ShowCopy and paste using the Paste Special feature

  1. In Outlook, select the information you want to copy.
  2. Click Copy Button image.
  3. Switch to Microsoft Word.
  4. Click in the document where you want to put the information.
  5. Click Paste Button image on the Formatting toolbar (toolbar: A bar with buttons and options that you use to carry out commands. To display a toolbar, press ALT and then SHIFT+F10.).
  6. Click Paste Options Button image next to the data, and then do one of the following.
    To do this... Click this...
    Paste the Outlook information and keep the original formatting Keep Source Formatting
    Paste the Outlook information and match the formatting in the Word document Match Destination Formatting
    Paste the Outlook information as text with each line in a separate paragraph Keep Text Only
    Paste the Outlook information and apply a new style Apply Style or Formatting

Inserting questions and comments

As you work, you have a few questions about the information you are reviewing. For example, you want to verify that no other risks have been identified or that the key milestones have been agreed upon. To draw your team members' attention to these issues, you decide to insert these questions as comments.

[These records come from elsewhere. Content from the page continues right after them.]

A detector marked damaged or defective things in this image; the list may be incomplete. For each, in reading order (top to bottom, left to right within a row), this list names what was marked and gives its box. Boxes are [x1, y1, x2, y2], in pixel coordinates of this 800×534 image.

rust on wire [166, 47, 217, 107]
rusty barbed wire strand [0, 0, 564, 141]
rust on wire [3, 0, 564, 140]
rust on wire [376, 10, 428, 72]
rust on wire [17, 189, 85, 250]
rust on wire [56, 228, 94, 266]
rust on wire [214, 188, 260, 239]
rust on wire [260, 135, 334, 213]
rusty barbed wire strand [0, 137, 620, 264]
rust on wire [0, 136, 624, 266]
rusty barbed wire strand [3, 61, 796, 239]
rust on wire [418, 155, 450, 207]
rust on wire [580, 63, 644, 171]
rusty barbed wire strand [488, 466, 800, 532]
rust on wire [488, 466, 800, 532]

ShowAdd comments to your document

  1. Open the document in Word.
  2. Select the text or item you want to add a comment about.

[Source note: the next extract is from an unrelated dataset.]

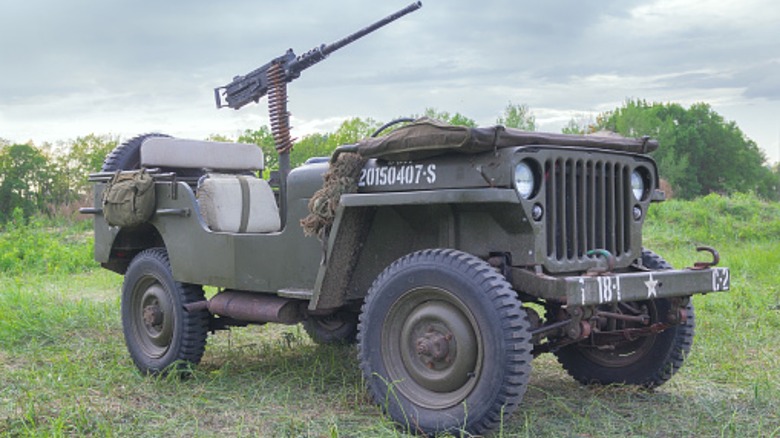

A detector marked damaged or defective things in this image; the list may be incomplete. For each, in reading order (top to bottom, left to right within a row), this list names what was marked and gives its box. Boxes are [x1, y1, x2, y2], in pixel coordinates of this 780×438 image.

rusted bumper [516, 266, 728, 306]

  3. On the Reviewing toolbar, click Insert Comment Button image. (To see the Reviewing toolbar, point to Toolbars on the View menu, and then click Reviewing.)
  4. Type your comment in the comment area.

Sending the document for review

You've made the preliminary changes and saved the draft on your own computer. Your next step is to prepare an e-mail message to your team members asking them to review the project plan. Without leaving the project plan document, you can use the Send to command to generate an e-mail message in Outlook with your document automatically prepared for collaboration.

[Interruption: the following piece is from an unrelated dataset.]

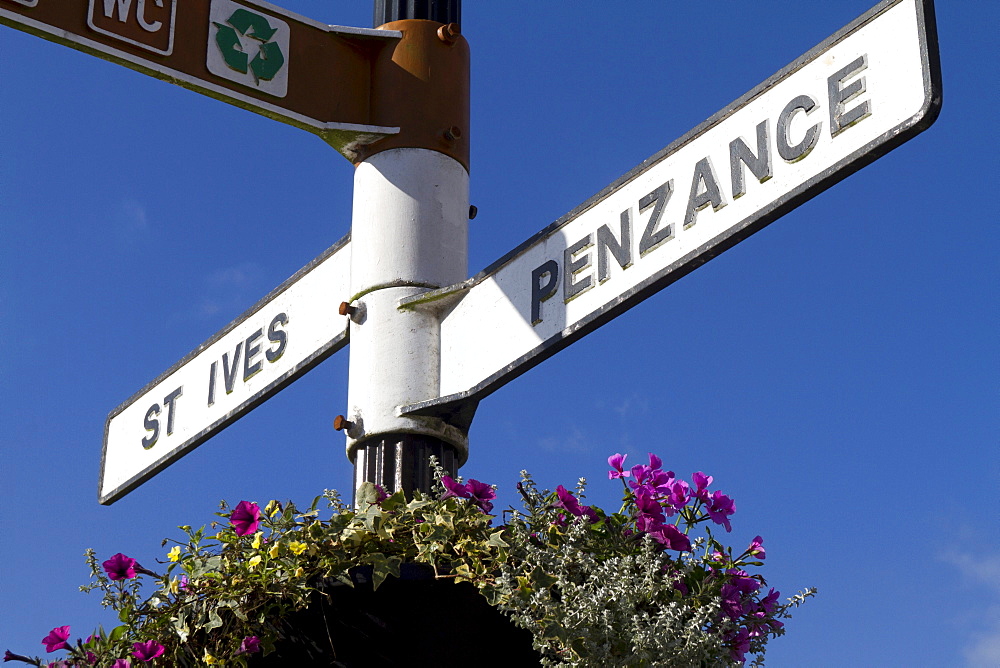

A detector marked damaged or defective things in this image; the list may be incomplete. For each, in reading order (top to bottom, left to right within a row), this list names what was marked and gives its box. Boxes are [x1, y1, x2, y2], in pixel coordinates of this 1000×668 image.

ShowDistribute your document for review

  1. On the File menu, point to Send To, and click Mail Recipient (for Review).

    Outlook opens a new mail message with "Please review [document name]" in the Subject line. The body of the e-mail message automatically reads, "Please review the attached document." You can send the default message or edit the message text to include more specific instructions.

  2. Enter your teammates' e-mail addresses in the To line and click Send.

Routing a document

You can select the order in which you'd like your team members to review the document by using the Routing features of the Send To command. You create a routing slip that lists the order in which team members will receive the document. Each person suggests changes, answers questions, or makes revisions and then sends the document to the next person on the routing slip.

ShowCreate a review route

  1. Open the document you want to route.
  2. On the File menu, point to Send To, and then click Routing Recipient.
  3. Click Address to select recipients.
  4. In the Type name or select from list box, enter a name, and then click To. Repeat this step for each additional recipient, and then click OK.
  5. Select the routing options you want.
  6. To route the document, click Route.

ShowSend a document to the next reviewer

  1. Make changes and suggestions in the open document, and save it.
  2. On the File menu, point to Send to, click Next Routing Recipient, and then click Route document to [recipient name].

Pulling it all together

When your team members receive your e-mail message, they find the project plan attached. The reviewing tools are displayed automatically when the plan is opened, and reviewers can add comments and suggest revisions to the text. After the whole team has reviewed the project plan and the document is returned to you, you can pull everyone's comments together into one document by comparing and merging the changes and suggestions.